Se permanece, como siempre, inscripto en un sistema que no resuelve la contradicción
entre lo objetivo y lo subjetivo; sólo se cambia una objetividad por otra, una forma social por otra, pero ambas, tanto la burguesa como ésta, que presume de
revolucionaria, deja a lo más propio condenado el azar: se permuta un determinismo por
otro en el "interior"
del sujeto mismo. Y aunque
esta intimidad esté ahora al servicio de la buena causa, aunque trate de
sentir buenos sentimientos
socialistas que se confunden, no es
de extrañar, con los buenos sentimientos burgueses, sigue siendo un reducto marginado que no participa en la dialéctica de lo real. A esta conciencia que se asienta
en las sombras de la cual no termina por
surgir sólo se la determinó en
función de otros "valores": se le solidificó
en otro nivel. Porque no nos engañemos a nosotros mismos: es tener
una forma racional, tener el concepto
teórico de un hombre, no es
tener al hombre mismo: es tener una promesa de hombre. Así con el nombre de izquierda: se lo hizo "bueno" como antes se lo hizo
"malo": siempre desde afuera, sin tener la clave de la transformación, el secreto del trabajo
que lleva al camino. Por eso., este tránsito de la burguesía hacia la actividad revolucionaria que debemos realizar,
no alcanza a convertirse en una verdadera
transformación: de allí
los renunciamientos, las decepciones, las actitudes
que quedan luego como un cosquilleo primaveral. En tanto actividad
personal la experiencia del militante —lo vemos continuamente—, queda tan muda como antes: no puede alcanzar su propia palabra porque seguirá hablando con la voz ajena, la de su máximo dirigente, o la del conductor
de turno.

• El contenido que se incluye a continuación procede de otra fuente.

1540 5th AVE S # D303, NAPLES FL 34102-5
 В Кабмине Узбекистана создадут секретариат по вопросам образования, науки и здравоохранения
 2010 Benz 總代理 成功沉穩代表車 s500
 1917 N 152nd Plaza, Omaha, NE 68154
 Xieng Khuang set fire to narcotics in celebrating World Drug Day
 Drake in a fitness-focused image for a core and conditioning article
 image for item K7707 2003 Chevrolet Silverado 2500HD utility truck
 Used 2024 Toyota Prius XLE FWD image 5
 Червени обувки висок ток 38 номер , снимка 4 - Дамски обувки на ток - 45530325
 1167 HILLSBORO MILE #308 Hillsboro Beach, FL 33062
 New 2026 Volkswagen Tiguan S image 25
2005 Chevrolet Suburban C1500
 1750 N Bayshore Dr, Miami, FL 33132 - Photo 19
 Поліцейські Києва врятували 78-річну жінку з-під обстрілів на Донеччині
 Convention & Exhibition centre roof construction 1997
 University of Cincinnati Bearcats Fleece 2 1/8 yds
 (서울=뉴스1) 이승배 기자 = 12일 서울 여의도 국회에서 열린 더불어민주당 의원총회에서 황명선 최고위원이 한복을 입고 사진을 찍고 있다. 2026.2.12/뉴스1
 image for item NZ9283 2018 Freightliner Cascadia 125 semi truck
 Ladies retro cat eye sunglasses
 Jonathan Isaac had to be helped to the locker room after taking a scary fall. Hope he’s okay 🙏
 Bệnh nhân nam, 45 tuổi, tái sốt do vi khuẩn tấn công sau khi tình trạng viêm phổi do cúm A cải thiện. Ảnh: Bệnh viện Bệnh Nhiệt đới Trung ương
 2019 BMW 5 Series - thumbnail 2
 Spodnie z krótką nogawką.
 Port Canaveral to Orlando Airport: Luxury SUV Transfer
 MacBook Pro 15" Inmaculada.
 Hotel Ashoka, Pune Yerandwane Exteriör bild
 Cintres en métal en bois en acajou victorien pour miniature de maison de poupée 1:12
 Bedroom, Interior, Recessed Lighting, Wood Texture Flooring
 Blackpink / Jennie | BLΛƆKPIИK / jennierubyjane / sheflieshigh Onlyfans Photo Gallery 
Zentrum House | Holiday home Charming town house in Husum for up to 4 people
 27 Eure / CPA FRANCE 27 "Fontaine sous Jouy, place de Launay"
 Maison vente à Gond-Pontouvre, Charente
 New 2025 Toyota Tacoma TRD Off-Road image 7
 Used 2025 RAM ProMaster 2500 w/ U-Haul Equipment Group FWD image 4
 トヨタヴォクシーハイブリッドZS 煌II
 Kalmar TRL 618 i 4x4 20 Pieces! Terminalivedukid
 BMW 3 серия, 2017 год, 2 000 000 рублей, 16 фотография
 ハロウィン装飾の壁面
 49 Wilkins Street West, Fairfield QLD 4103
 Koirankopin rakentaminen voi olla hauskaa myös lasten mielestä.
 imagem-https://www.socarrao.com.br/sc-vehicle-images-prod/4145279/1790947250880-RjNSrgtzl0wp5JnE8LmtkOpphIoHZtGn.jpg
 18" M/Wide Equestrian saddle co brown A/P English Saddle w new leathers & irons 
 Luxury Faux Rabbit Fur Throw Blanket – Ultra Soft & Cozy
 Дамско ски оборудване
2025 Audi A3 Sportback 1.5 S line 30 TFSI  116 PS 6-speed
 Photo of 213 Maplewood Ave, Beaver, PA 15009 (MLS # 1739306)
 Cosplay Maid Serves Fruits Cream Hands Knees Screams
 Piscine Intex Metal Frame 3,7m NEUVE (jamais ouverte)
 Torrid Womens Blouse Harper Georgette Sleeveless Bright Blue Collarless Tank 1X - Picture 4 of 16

Pero no habremos
construido una perspectiva humana verificadora,
correctora, creadora de significación a
lo que todavía carece de ella.
Si la racionalidad que se revela en la actividad política de la izquierda es más eficaz que la racionalidad
contradictoria de la derecha no es porque cambie de signo: es porque recupera
todo el fenómeno humano, todas las significaciones convergentes antes separadas por la brutalidad
del abstraccionismo economista. Por eso puede decirse
que la política burguesa es analítica, separadora, abstracta mientras que la de
la izquierda sintética,
concreta. Esta incorporación de
significaciones antes insignificantes (prácticamente
toda la vida del sujeto marginalizada así del ámbito social, toda
su efectividad desconocida) es la que le permite adherir plenamente al fenómeno humano destruyendo las
categorías que se ceñían estrictamente
al contorno del privilegio y del temor capitalista.
Vamos viendo
entonces en esta recuperación del sujeto no es un requisito "moral" que la dura lucha y la cruda
realidad en su urgencia hagan prescindible. En efecto ¿qué dicen los Manuscritos de Marx? Entre muchas otras cosas, la siguiente: que la verdad pasa por el sujeto,
se elabora en él; que la objetivación, que da forma al mundo humano, es la objetivación del hombre. Dice que la forma humana del otro es la que, a través de la mía,
da sentido a todo enlace con el mundo.
Dice además que la alienación no es
un sello impuesto pasivamente
sobre el hombre desde afuera;
que la enajenación es, por el contrario, autoenajenación. Quiere decir: nosotros mismos hemos realizado, contribuido,
al trabajo social de enajenarnos, y hemos participado por lo tanto activamente en la nuestra propia, sistema de producción
mediante, si, es cierto, se nos dirá, que no podíamos hacer otra cosa, que sólo así podíamos llegar a adquirir
"realidad social", adecuarnos al sistema de producción, satisfacer nuestras necesidades. Pero eso, adecuarnos al sistema, sí lo hicimos. Pero dice además que el camino para suprimir la autoenajenación pasa por el cambio que nos llevó a la autoenajenación misma. De este
trabajo de suprimir la
propia autoenajenación el hombre de izquierda no está exento por el sólo
hecho de serlo. La supresión
de la autoenajenación no es entonces un
proceso instantáneo: implica
deshacer en nosotros
mismos la separación que escindió lo sensible de lo racional; así como una cosa hecha mercancía se escinde en valor de uso y valor de cambio. Significa devolverle el sentido a las cosas adquiriéndolo propiamente,
O simultáneamente, nosotros
mismos. Decir autoenajenación quiere decir que hemos tenido que hacer, sometiéndonos, lo que el mundo burgués nos solicitaba para habilitar a vivir en él. Lo característico de la cultura burguesa consiste básicamente en esa adecuación que impone a cada recién llegado: hacerse contra sí
mismo, lo que los otros ya son. ¿El tránsito hacia la revolución mantendrá
necesariamente este "contra sí mismo" como irreductible?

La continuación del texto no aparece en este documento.